- INTRODUCCIÓN Y MARCO GENERAL
EL artículo 24 de la Constitución recoge las líneas esenciales de lo que ha de ser el proceso, especialmente el proceso penal, en una sociedad democrática, en línea con las formulaciones generalizadas de los textos internacionales sobre derechos humanos y libertades fundamentales. Para enmarcar los principios que rigen el proceso penal se hace, pues, imprescindible, la referencia a dicho precepto constitucional.
Pero también es necesario no perder de vista una perspectiva funcional que a veces se olvida. La respuesta a la pregunta sobre cómo ha de ser el procedimiento penal ha de partir de una respuesta previa al interrogante de para qué sirve, qué es lo que se pretende a través de él.
En este sentido, se pueden formular algunas afirmaciones elementales. La primera es que se trata de un proceso, esto es, un litigio entre partes al que el juez, situado en una posición institucional ajena al conflicto, ha de dar una respuesta fundada en el ordenamiento jurídico. En esta posición institucional el juez ni es ni puede ser un instrumento de la política criminal, interesado en la consecución de sus fines. Su función procesal es la de juzgar, de modo imparcial, acerca de la pretensión punitiva que ejerciten, implícita o expresamente (según la fase procesal de que se trate) las partes acusadoras, y la pretensión total o parcialmente absolutoria ejercitada por la defensa.

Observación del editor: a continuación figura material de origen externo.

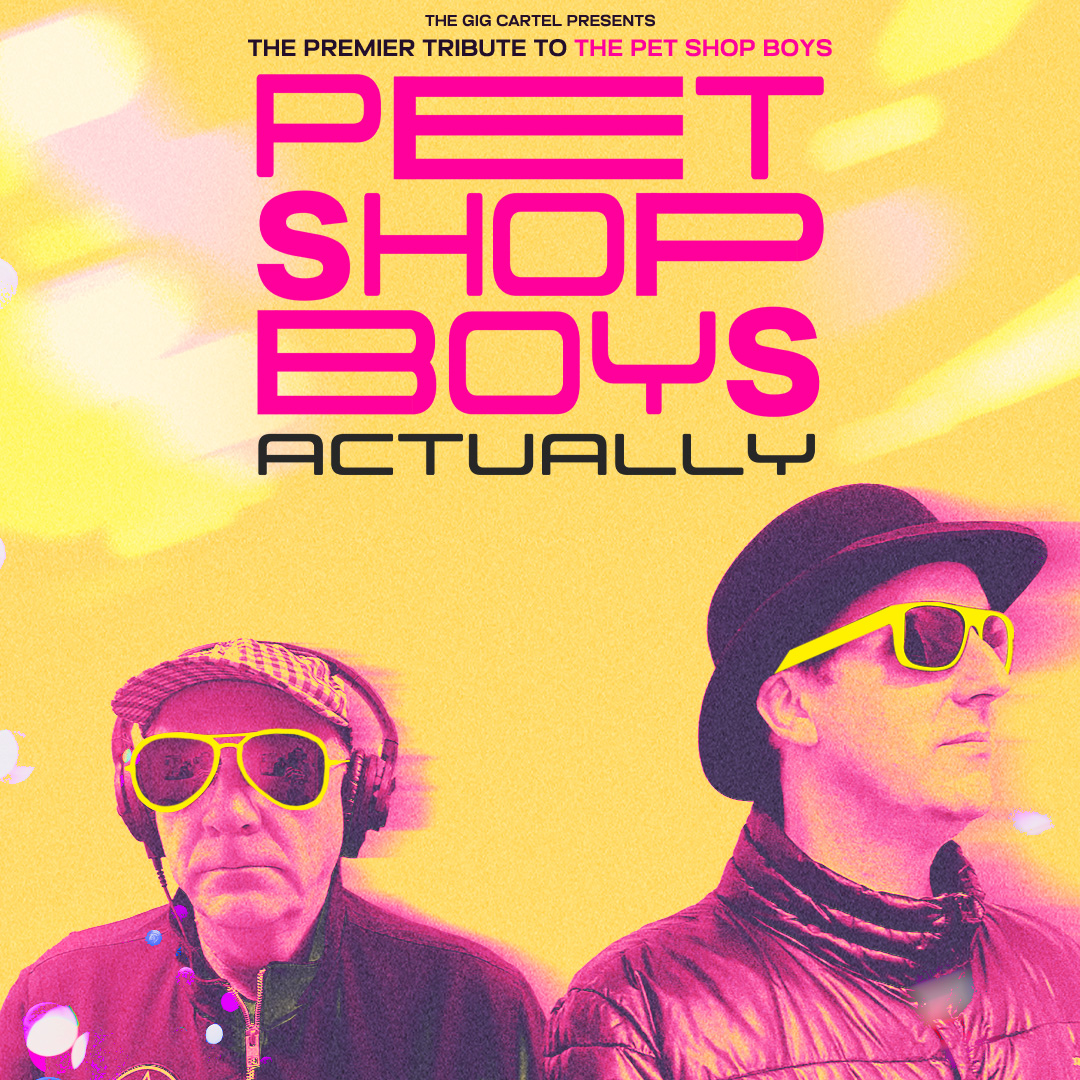 Pet Shop Boys Actually poster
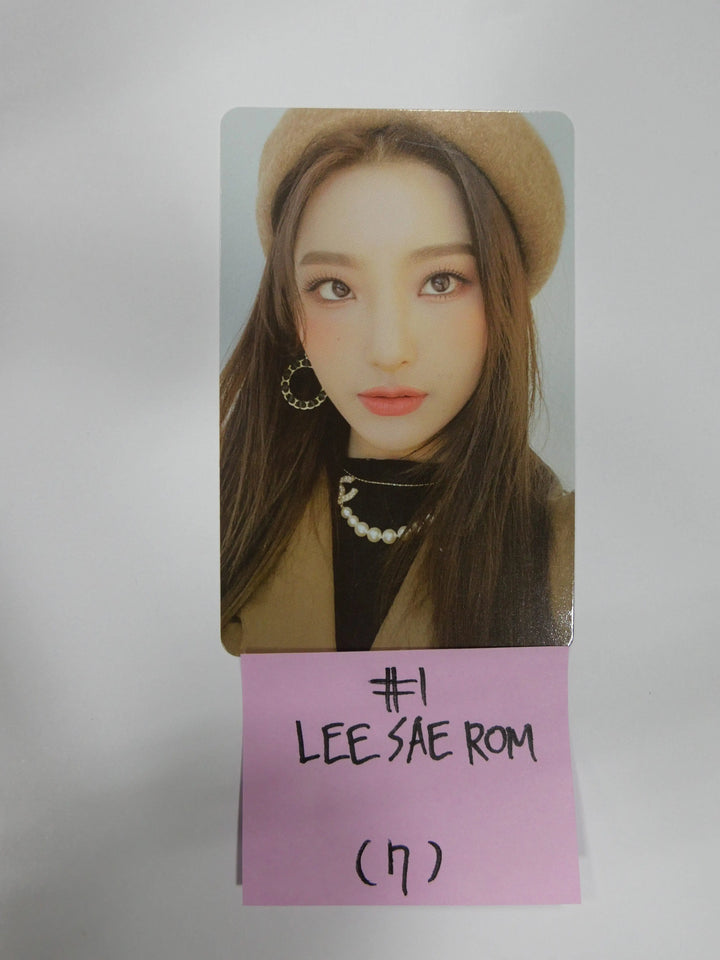 Fromis_9 "9 Way Ticket" - Official Photocard - HALLYUSUPERSTORE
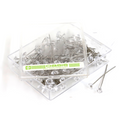 Agrega elegancia y soporte a tus arreglos con estos clips de alta calidad. Ideales para ramos, corsages y más. Contenido: 100 piezas.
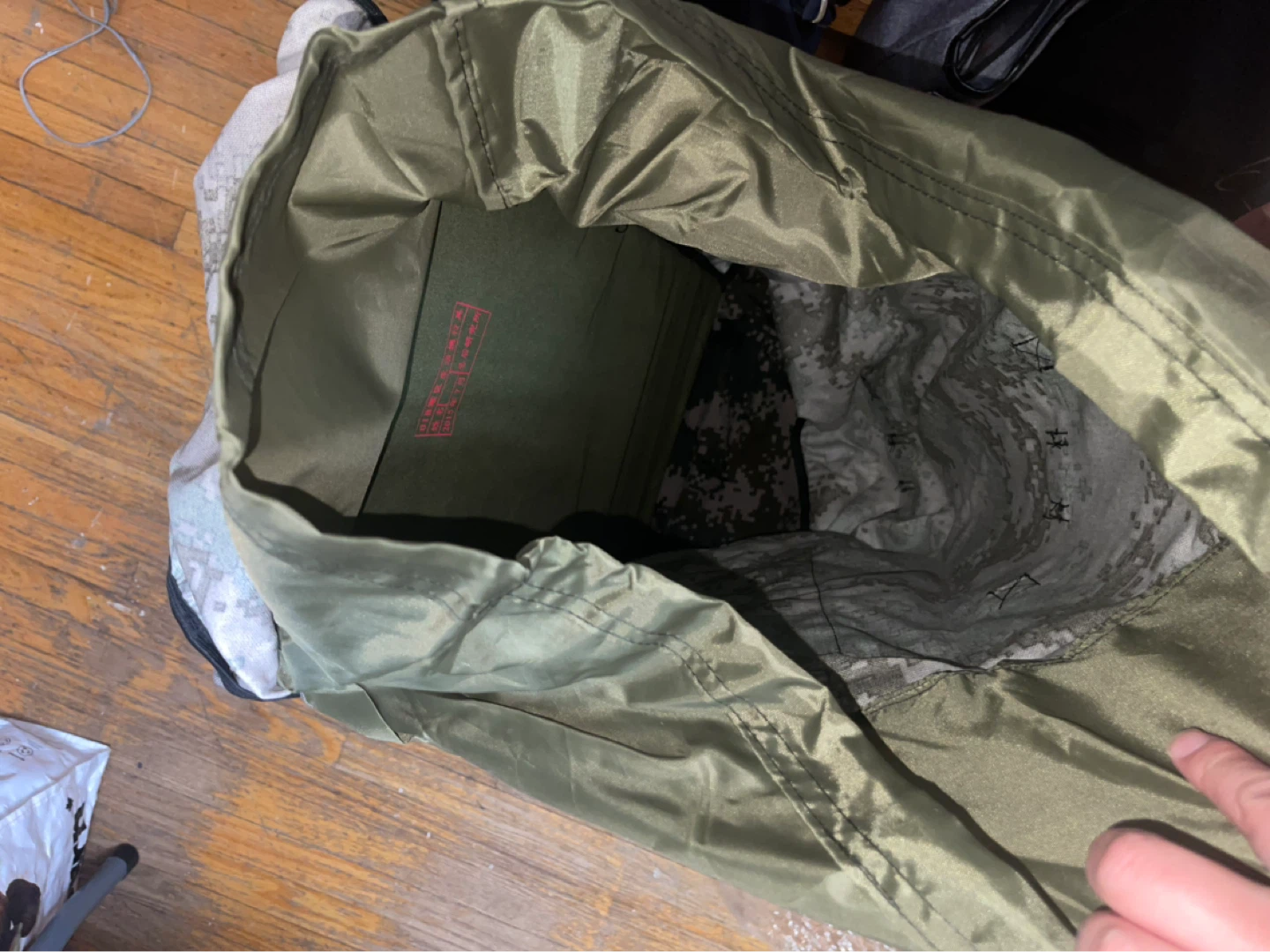 Camouflage Backpack - photo 4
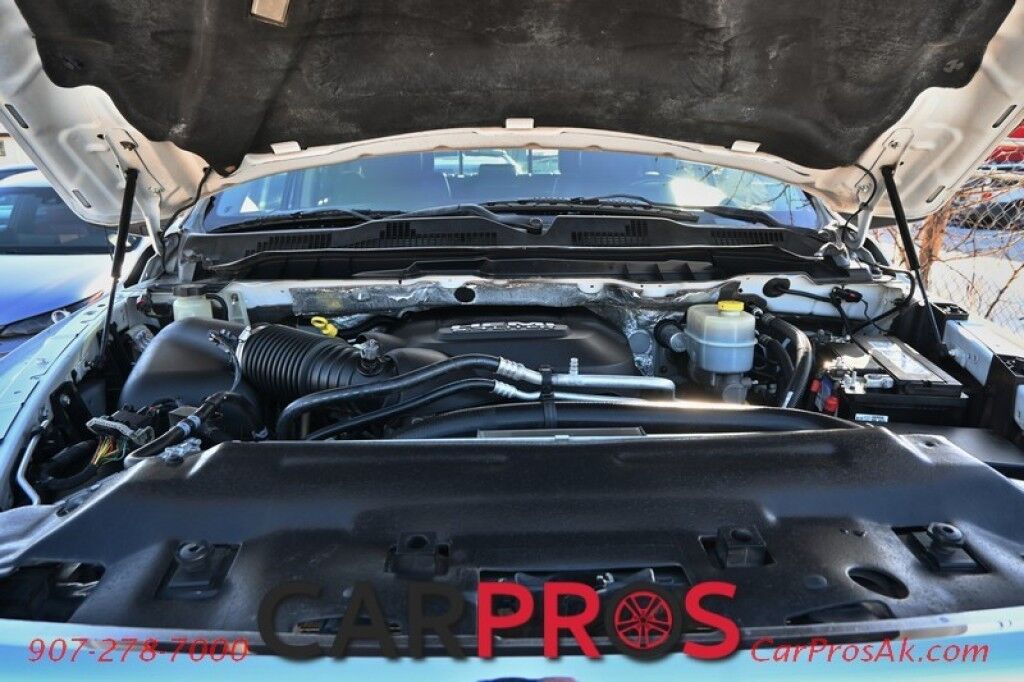 2015 Ram 3500 Laramie - 6.4L V8 - 4X4 - Power Leather Heated Seats - Heated Steering Wheel - 2nd Row Heated Seats - Remote Start - Bluetooth - NAV - Backup Camera - Sunroof - Ram Storage Box - Bedliner - Brake Controller - Tow Pkg Anchorage AK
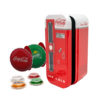 Coca-Cola Vending Machine Set (2020) -  4-Coins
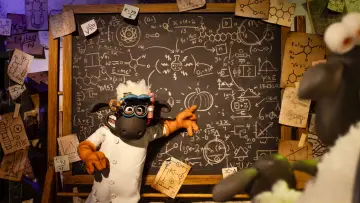 Zasłona do filmu "Baranek Shaun i kudłata bestia" #1802310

La segunda afirmación básica es que los derechos de defensa reconocidos en el ya señalado artículo 24 de la Constitución no son en modo alguno «concesiones» que hace la sociedad al delincuente, como a veces se presentan de forma interesada. Son por un lado, garantías de todos los ciudadanos, que de otra forma podrían verse indefensos ante acusaciones eventualmente injustificadas; y por otro, garantías de acierto de la propia resolución judicial, pues sólo a través de un proceso público «con todas las garantías» se pueden evitar errores judiciales, especialmente difíciles de reparar en este ámbito.
Con esta base, puede ya decirse, con carácter general, que los principios fundamentales del procedimiento penal han de ser aquellos que respondan a la doble exigencia de justicia y funcionalidad, sin que la una sea escindible de la otra pues, en definitiva, una respuesta judicial que no fuera funcional en el tiempo o en el modo dejaría en gran parte de ser justa.